Site information
- Type: Satellite station
- Code: RH
- Owner: Air Ministry
- Operator: Royal Air Force
- Controlled by: RAF Fighter Command 1942 – 1944 * No. 81 (OTU) Group RAF RAF Flying Training Command 1944 RAF Maintenance Command 1944 *No. 40 Group RAF

Location
- RAF Rhoose Shown within the Vale of Glamorgan RAF Rhoose RAF Rhoose (the United Kingdom)
- Coordinates: 51°23′48″N 003°20′36″W﻿ / ﻿51.39667°N 3.34333°W

Site history
- Built: 1941/42
- In use: April 1942 – 1946
- Battles/wars: European theatre of World War II

Garrison information
- Occupants: 1944 Officers – 26 (2 WAAF) Other Ranks – 624 (110 WAAF)

Airfield information
- Elevation: 280 feet (85 m) AMSL
Runways
| Direction | Length and surface |
| 03/21 | 1,550 yards (1,417 m) Asphalt concrete |
| 12/30 | 1,100 yards (1,006 m) Asphalt concrete |

= RAF Rhoose =

Former Royal Air Force satellite station in Vale of Glamorgan, Wales (1942–1946)

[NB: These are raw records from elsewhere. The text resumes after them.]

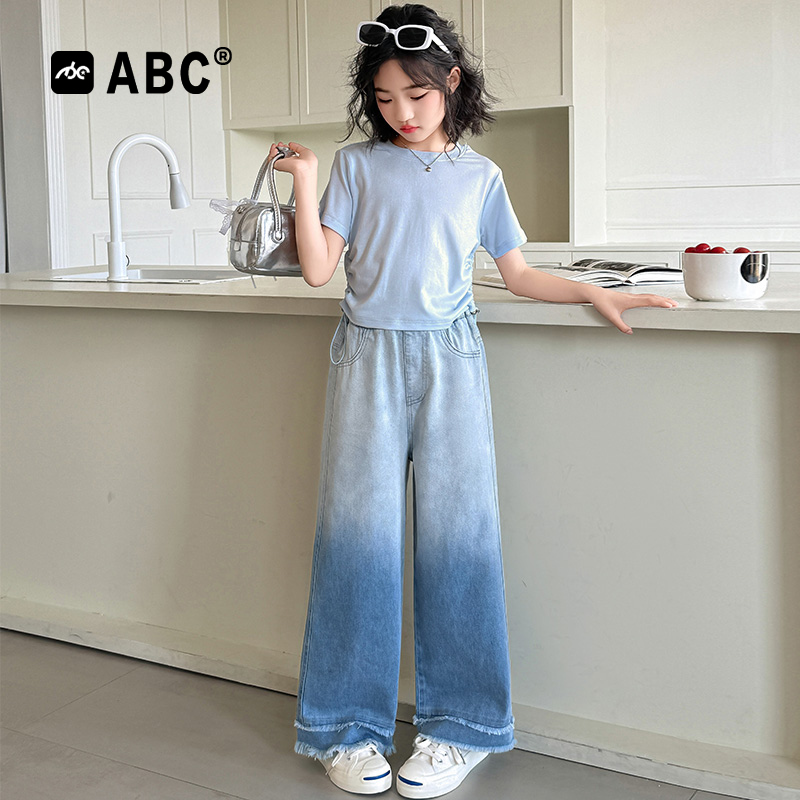 女童夏季套装2025新款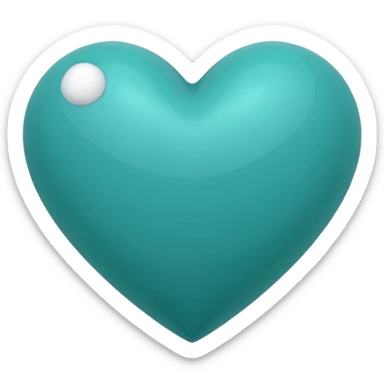 Teal heart with 'Belles with Balls' sticker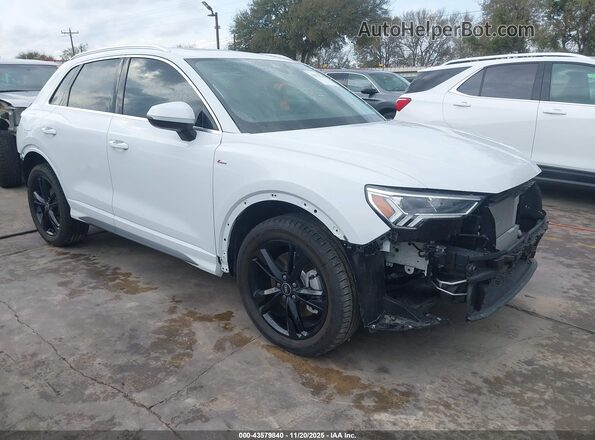 WA1EECF33R1189108 2024 AUDI Q3 Белый Передняя правая четверть
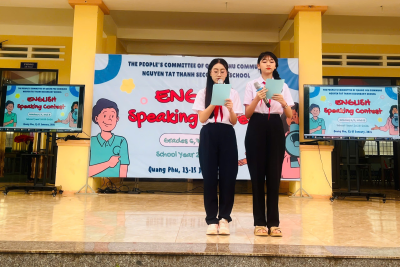 TRƯỜNG THCS NGUYỄN TẤT THÀNH TỔ CHỨC CUỘC THI HÙNG BIỆN TIẾNG ANH CẤP TRƯỜNG, NĂM HỌC 2025 – 2026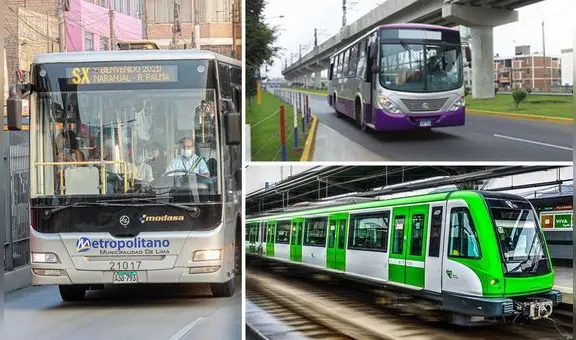 Horarios del Metropolitano, Metro de Lima y corredores complementarios en feriado del 23 de julio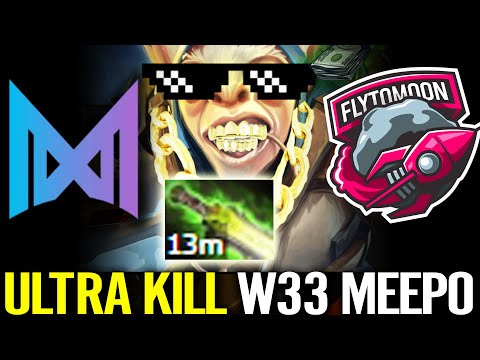NIGMA VS FTM - Ultra Kill W33 MEEPO Signature Hero Close Game | Dota 2 Beyond Epic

Royal Air Force Rhoose, or more simply RAF Rhoose, is a former Royal Air Force satellite station located near Rhoose, 10 miles south west of Cardiff and 2 miles east of RAF St Athan, Vale of Glamorgan, Wales. It was first used by an Operational Training Unit in April 1942, as additional space, until May 1943. The airfield then remained unused until February 1944, when an Air Gunnery School operated out of RAF Rhoose until August 1944. It was then placed into care and maintenance until transferred to RAF Maintenance Command in November 1944. After the Second World War, the airfield became a sub-site of a Maintenance Unit. The MU and airfield closed in 1948.

The new airfield at Rhoose was urgently needed to relieve RAF Llandow. The latter opened as an Aircraft Storage Unit (A.S.U.) but was then allocated a training unit on top. There were a number of reasons, there was a need for space to accommodate operational squadrons in the south-east of England, and a need to move the training schools and trainee pilots away from any Luftwaffe incursions.

RAF Rhoose was used immediately upon opening, by the training unit, alleviating RAF Llandow. However, as there were little facilities available at the satellite, all aircraft maintenance had to be done at the parent base.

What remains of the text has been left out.